Für Erstausbildungen im Pflegeberuf soll es ab September einen steuer- und abgabenfreien Ausbildungszuschuss in der Höhe von 600 € geben. Umzusetzen ist dieser Teil des Pflegepakets allerdings von den Ländern, mit dem vorliegenden Pflegeausbildungs-Zweckzuschussgesetz werden lediglich die Rahmenbedingungen für die finanziellen Zuschüsse des Bundes von insgesamt 225 Mio. € in den Jahren 2022 bis 2025 geregelt. Damit sollen zwei Drittel des Zuschusses (400 €) abgedeckt, für das dritte Drittel müssen die Länder selbst aufkommen.
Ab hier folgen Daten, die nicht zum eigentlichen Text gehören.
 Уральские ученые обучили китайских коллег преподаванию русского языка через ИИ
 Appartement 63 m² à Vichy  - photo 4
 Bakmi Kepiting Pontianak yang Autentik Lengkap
Durch Änderungen im Bundespflegegeldgesetz sollte ursprünglich der Bonus für pflegende Angehörige eingeführt werden. Diese Maßnahme wurde durch einen Abänderungsantrag wieder herausgenommen. In Kraft treten wird aber eine monatliche Entlastung von 60 € für Familien mit erheblich behinderten Kindern, da die erhöhte Familienbeihilfe nicht mehr auf das Pflegegeld angerechnet wird. Davon sollen laut Erläuterungen rund 46.000 Personen profitieren. Auch die Fristen für die Beantragung von Pflegekarenzgeld werden verlängert. Um die erschwerten Pflegebedingungen bei dementiellen Beeinträchtigungen der pflegebedürftigen Person besser zu berücksichtigen, wird der pauschale Erschwerniszuschlag zum Pflegegeld für Erwachsene mit einer schweren geistigen bzw. psychischen Behinderung von monatlich 25 auf 45 Stunden erhöht.
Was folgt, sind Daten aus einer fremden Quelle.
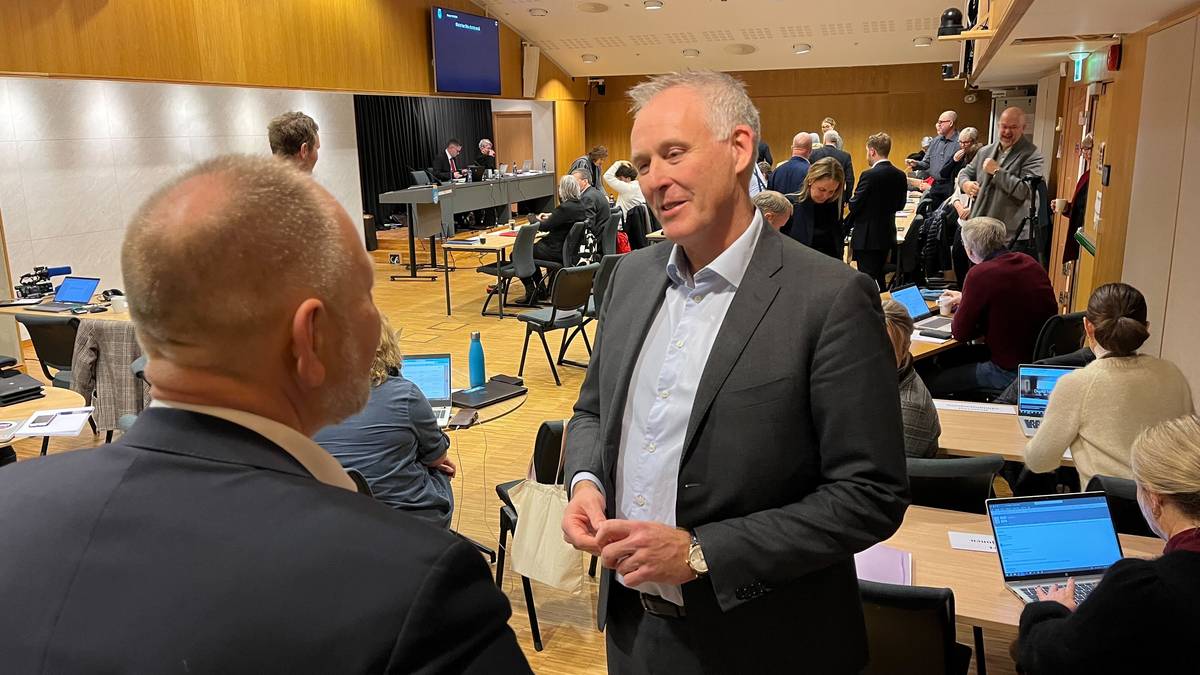 Ny kommunedirektør møter bystyret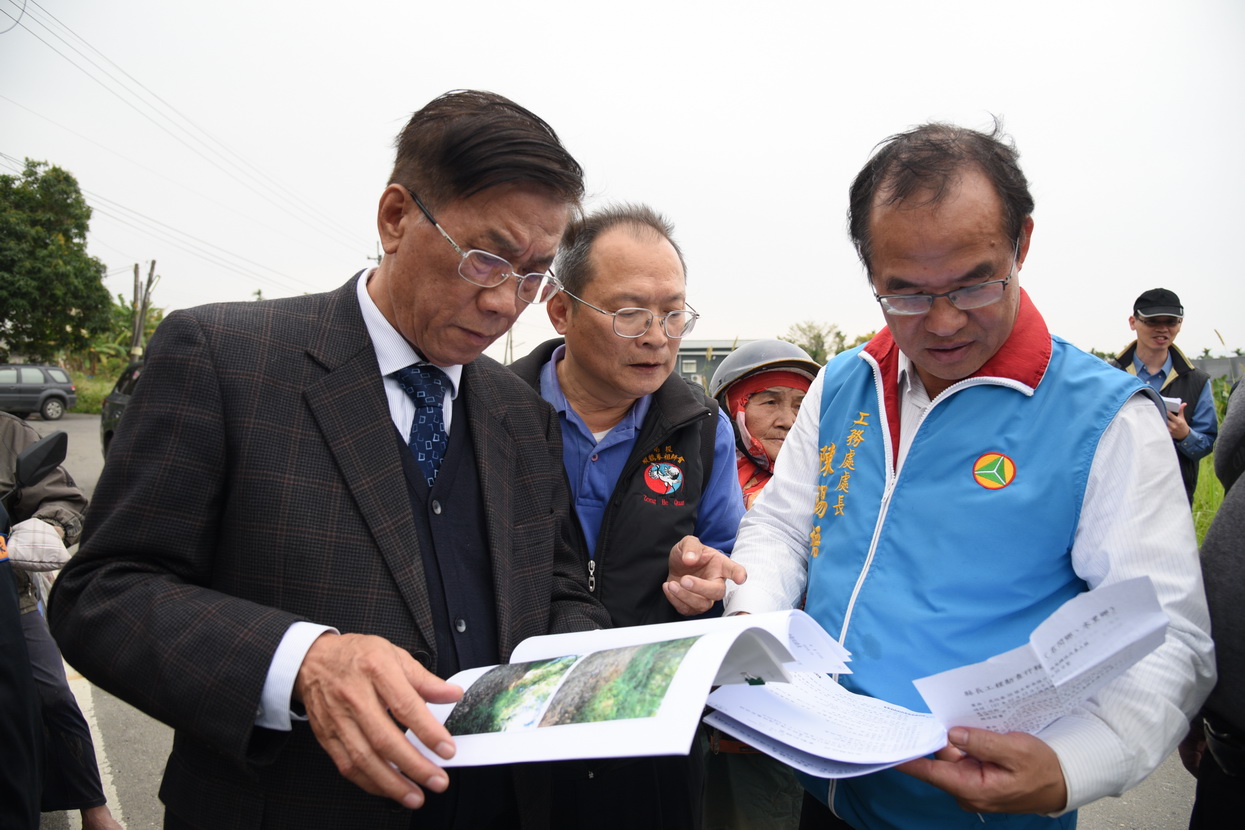 相關圖片3-林縣長會勘名間道路    允諾修繕讓民眾通行安全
ÖVP: Ein guter Tag für die Pflege

Heute sei ein besonders guter Tag für die Pflege, weil dafür insgesamt 1 Mrd. € bereitgestellt werden, hob ÖVP-Klubobmann August Wöginger hervor. Sein Dank gelte dem zuständigen Sozialminister Rauch, der dieses Thema seit seinem Amtsantritt prioritär behandelt und ein sehr gutes Paket auf den Weg gebracht habe. Um den drohenden Personalmangel aktiv entgegenzutreten, werden eine Reihe von Maßnahmen gesetzt, wie etwa die Gehaltserhöhungen für die Bediensteten im Pflegebereich. Davon umfasst seien nun auch die rund 12.000 Heimhelfer:innen und die Behindertenbegleiter:innen, die ebenso durchschnittlich ein zusätzliches Monatsgehalt erhalten werden. Weiters erwähnte Wöginger den Ausbildungszuschuss von bis zu 600 €, die Verbesserung des Pflegekarenzgeldes, die bessere Unterstützung von pflegenden Angehörigen, die Aufstockung des Demenz-Zuschlags, sowie die geplante Einführung einer Pflegelehre im Rahmen eines Modellversuchs. Den kurzfristig eingebrachten Abänderungsantrag rechtfertigte Wöginger damit, dass die Ausweitung des Angehörigenbonus auf weitere Personengruppen wie beispielsweise Pensionst:innen legistisch gut vorbereitet werden müsse. Dazu brachte er auch einen Entschließungsantrag ein, indem der Minister aufgefordert wird, dem Nationalrat eine entsprechende Regierungsvorlage zu übermitteln.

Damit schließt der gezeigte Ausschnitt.